Senator of the Republic of Colombia
- In office July 20, 2018 – July 20, 2022

Personal details
- Born: Alejandro Corrales Escobar 18 March 1976 (age 49) Belén de Umbría, Colombia
- Political party: Democratic Center
- Education: University of Caldas
- Occupation: Politician, agricultural engineer

= Alejandro Corrales Escobar =

Colombian politician

Alejandro Corrales Escobar (born March 18, 1976, Belén de Umbría, Colombia) is a Colombian engineer and politician, who served as Senator of the Republic of Colombia.

== Biography ==
A member of a family of coffee growers, he studied agricultural engineering at the University of Caldas.

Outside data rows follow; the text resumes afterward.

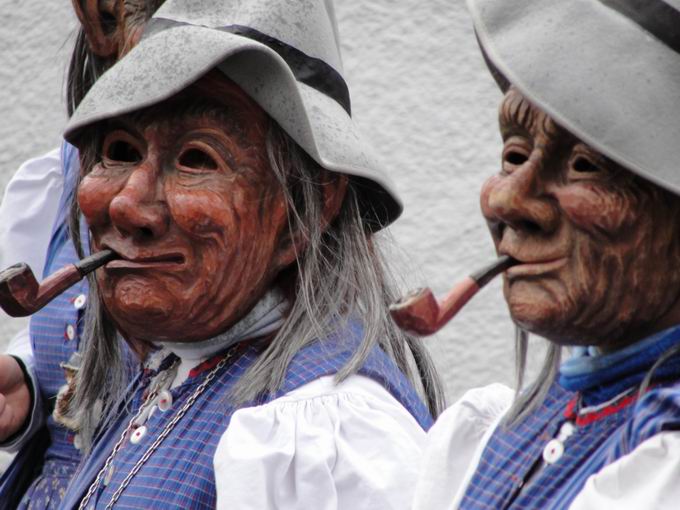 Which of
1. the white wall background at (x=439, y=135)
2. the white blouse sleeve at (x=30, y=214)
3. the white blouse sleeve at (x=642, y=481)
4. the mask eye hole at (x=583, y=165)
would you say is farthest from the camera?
the white wall background at (x=439, y=135)

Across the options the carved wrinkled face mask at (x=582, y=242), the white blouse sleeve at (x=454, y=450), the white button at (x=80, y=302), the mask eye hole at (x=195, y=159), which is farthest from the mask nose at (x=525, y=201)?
the white button at (x=80, y=302)

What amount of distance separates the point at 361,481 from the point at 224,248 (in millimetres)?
370

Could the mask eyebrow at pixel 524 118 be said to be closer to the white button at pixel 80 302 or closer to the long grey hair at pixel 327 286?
the long grey hair at pixel 327 286

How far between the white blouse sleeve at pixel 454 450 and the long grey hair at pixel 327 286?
267mm

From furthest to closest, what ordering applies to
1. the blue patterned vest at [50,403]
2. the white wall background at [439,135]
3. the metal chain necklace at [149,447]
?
the white wall background at [439,135]
the blue patterned vest at [50,403]
the metal chain necklace at [149,447]

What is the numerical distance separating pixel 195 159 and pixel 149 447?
0.40 meters

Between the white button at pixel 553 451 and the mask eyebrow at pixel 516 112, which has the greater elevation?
the mask eyebrow at pixel 516 112

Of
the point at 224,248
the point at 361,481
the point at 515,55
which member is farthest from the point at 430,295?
the point at 224,248

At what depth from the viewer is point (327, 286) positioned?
2.00m

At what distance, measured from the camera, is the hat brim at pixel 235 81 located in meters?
1.89

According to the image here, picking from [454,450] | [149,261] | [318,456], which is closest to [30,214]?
[149,261]

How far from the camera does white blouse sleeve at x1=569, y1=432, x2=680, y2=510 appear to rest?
127cm

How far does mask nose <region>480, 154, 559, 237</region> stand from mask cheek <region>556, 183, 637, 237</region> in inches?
1.0

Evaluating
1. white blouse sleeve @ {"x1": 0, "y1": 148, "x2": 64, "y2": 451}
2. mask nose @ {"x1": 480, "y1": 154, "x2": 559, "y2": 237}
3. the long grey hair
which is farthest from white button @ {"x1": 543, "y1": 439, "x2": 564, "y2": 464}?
white blouse sleeve @ {"x1": 0, "y1": 148, "x2": 64, "y2": 451} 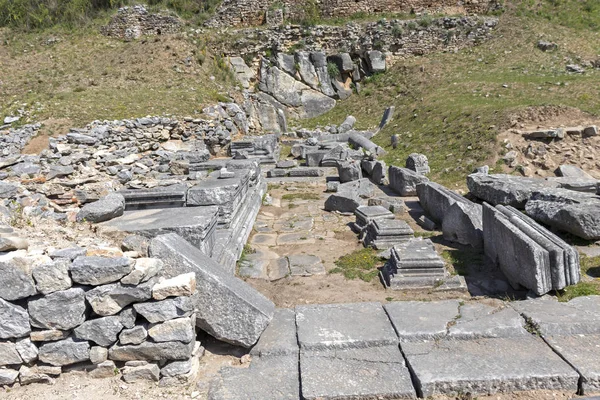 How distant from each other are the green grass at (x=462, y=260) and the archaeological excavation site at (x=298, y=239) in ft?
0.11

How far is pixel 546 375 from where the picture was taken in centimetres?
328

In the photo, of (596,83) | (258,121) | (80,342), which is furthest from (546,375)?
(258,121)

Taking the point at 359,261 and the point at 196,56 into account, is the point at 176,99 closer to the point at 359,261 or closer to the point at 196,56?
the point at 196,56

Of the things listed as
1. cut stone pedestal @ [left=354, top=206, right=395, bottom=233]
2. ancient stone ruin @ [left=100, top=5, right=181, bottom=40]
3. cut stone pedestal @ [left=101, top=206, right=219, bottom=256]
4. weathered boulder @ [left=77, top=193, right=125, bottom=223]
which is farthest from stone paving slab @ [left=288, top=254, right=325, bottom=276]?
ancient stone ruin @ [left=100, top=5, right=181, bottom=40]

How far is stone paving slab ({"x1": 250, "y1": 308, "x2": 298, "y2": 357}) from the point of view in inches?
147

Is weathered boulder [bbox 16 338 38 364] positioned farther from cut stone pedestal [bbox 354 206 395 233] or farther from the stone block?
cut stone pedestal [bbox 354 206 395 233]

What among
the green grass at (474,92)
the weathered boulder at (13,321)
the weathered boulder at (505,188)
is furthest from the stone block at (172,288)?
the green grass at (474,92)

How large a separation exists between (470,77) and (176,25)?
15105mm

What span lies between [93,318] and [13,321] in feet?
1.80

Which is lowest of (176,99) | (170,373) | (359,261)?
(359,261)

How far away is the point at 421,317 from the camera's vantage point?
4152 millimetres

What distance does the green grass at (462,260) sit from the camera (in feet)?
18.5

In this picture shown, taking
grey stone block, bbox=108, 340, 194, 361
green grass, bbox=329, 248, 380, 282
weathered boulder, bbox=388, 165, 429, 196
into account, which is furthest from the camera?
weathered boulder, bbox=388, 165, 429, 196

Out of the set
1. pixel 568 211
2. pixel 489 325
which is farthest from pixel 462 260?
pixel 489 325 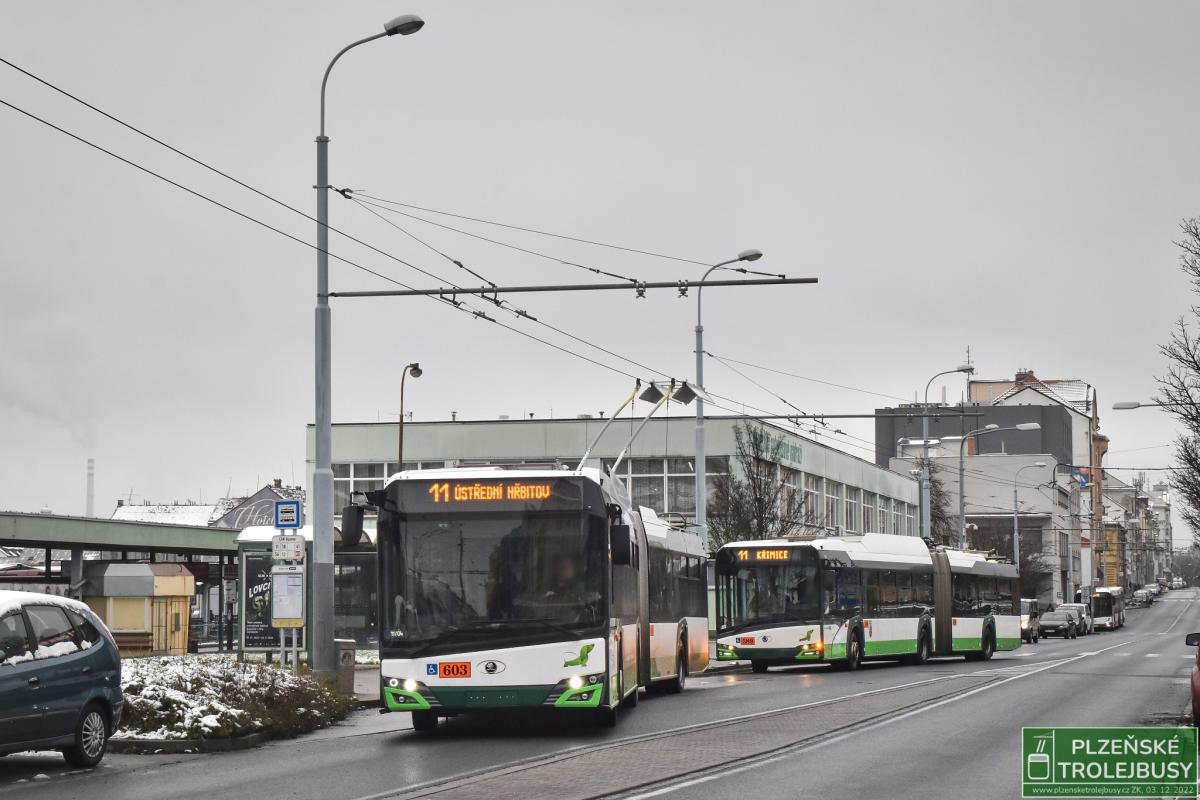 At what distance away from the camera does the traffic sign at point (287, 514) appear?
74.1 feet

He was a member of the Departmental Committee of Coffee Growers of Risaralda between 2010 and 2014, to later become president of the board of directors of the Departmental Cooperative of Coffee Growers of Risaralda, between 2010 and 2017. He was also a member of the National Committee of the National Federation of Coffee Growers representing Risaralda, between 2014 and 2017.

He was elected in the 2018 legislative elections as Senator with the endorsement of the Democratic Center Party.

He tried to be reelected in the 2022 legislative elections, but failed. In the Senate, he was part of Commission V. He was one of the main proponents of one of the projects to ban fracking in Colombia.